Probably my most in-depth tutorial yet, for my most detailed and complicated prop... BERSTUK! See the how-to video below.























(as requested by Deoblo) Sculpting, PVC construction, painting, set design, UV lighting: all covered in this tutorial. Please have a watch and subscribe!


----------



## RoxyBlue (Oct 6, 2008)

This is such a wonderful creature.


----------



## Lunatic (Oct 3, 2006)

Absolutely beautiful prop display Brad!


----------



## heresjohnny (Feb 15, 2006)

The detail and presentation in the pictures are stunning!


----------



## Pumpkin5 (Aug 8, 2010)

:jol: Most Excellent! Thanks for sharing Brad.


----------



## bobzilla (Nov 13, 2008)

Excellent prop Brad!


----------



## studiokraft (Feb 7, 2012)

Amazing work, and great detail in the haunt!
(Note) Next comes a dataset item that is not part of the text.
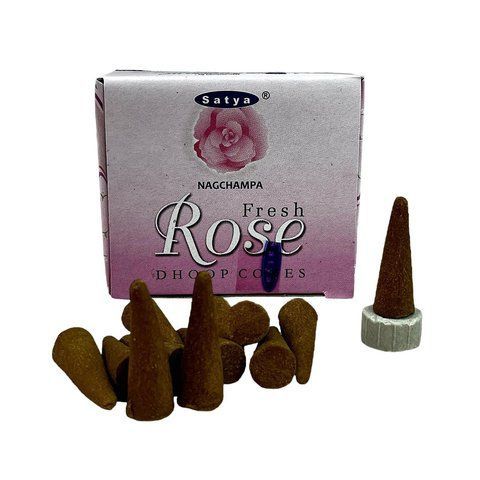 Ароматичні конуси Троянда 12 шт Satya 32427-1 32427-1 фото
You do some amazing things with "found" materials.


----------



## Fookie (Aug 27, 2007)

Awesome prop! Can you tell me what color you painted the Mustard Gas canisters? It appears to be Wildfire Visible Luminescent Paint in Brilliant Yellow. I need to paint some barrels and I've been leaning towards that paint. Thanks.


----------



## BradGoodspeed (Sep 13, 2011)

Fookie said:


> Awesome prop! Can you tell me what color you painted the Mustard Gas canisters? It appears to be Wildfire Visible Luminescent Paint in Brilliant Yellow. I need to paint some barrels and I've been leaning towards that paint. Thanks.


Actually those were done before I discovered Wildfire - they're just neon spray paint from the hardware store I believe. I'd probably do them different now with some texture and a 2nd UV colour drybrushed on to give a rough/rusty look.


----------